若林:創業融資の段階では決算書があてにならない状態なので、決算書以外の情報、例えば代表者の方の経験や自己資金、事業計画がきちんとしてるかみたいなところで評価できます。しかし、1〜2期を終えて月商も大きくなってくると足元の数字や決算書を中心とした実績が重要になってきます。まずはそこを見られるのと、この時点で返済実績があるか無いかも大事になってくるので、早く返済実績を作ることの重要性も高まります。それから2回目以降の融資となってくると、トラクションももちろん大事なのですが、前回の計画書と現状の乖離が問題になるケースがあるので、事業計画書はここでもすごく大事なものになります。
近藤さん:どれだけちゃんと返してくれるかを見るという観点においては、事業計画を見ざるを得ないですし、前回から着実に成長している様子と返済実績があるかどうかが重要ということですね。
若林:そうですね。やはりエクイティは将来に対しての信頼と言いますかねで評価してくれますが、あくまでも過去の信用から将来を類推するのが融資なので、いかに信用を地道に蓄積してきたかいうのがこの辺りのフェーズから確実に問われてくると思います。
近藤さん:ちなみに信用は、事業計画書が精緻かどうか以外に見られている要素はありますか。

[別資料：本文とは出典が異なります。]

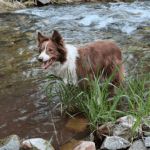 A brown and white dog standing in a river.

若林:超基本的なことですが、融資資金の引き落としのときにちゃんと口座にお金入れておくということですね。日本政策金融公庫は銀行口座を持たないので、支払いを〇〇銀行と指定します。その銀行口座をメインで使ってないからといってうっかりお金入れ忘れて引き落とせないということがたまにあるんですよね。
近藤さん:会社にお金があったとしても、口座にお金がないから払えないということですね。
若林:そうですね。これは起業家が思ってる以上に日本政策金融公庫は重大に受け止めてます。この問題があるだけで借りれないことがあり、非常にもったいないので口座にお金は入れといてほしいですね。
近藤さん:次回の動画ではMRR500万円以上の企業のケースも解説していただきます。シリーズAに向っていく途中という起業家さんは、ぜひ次回もご覧ください。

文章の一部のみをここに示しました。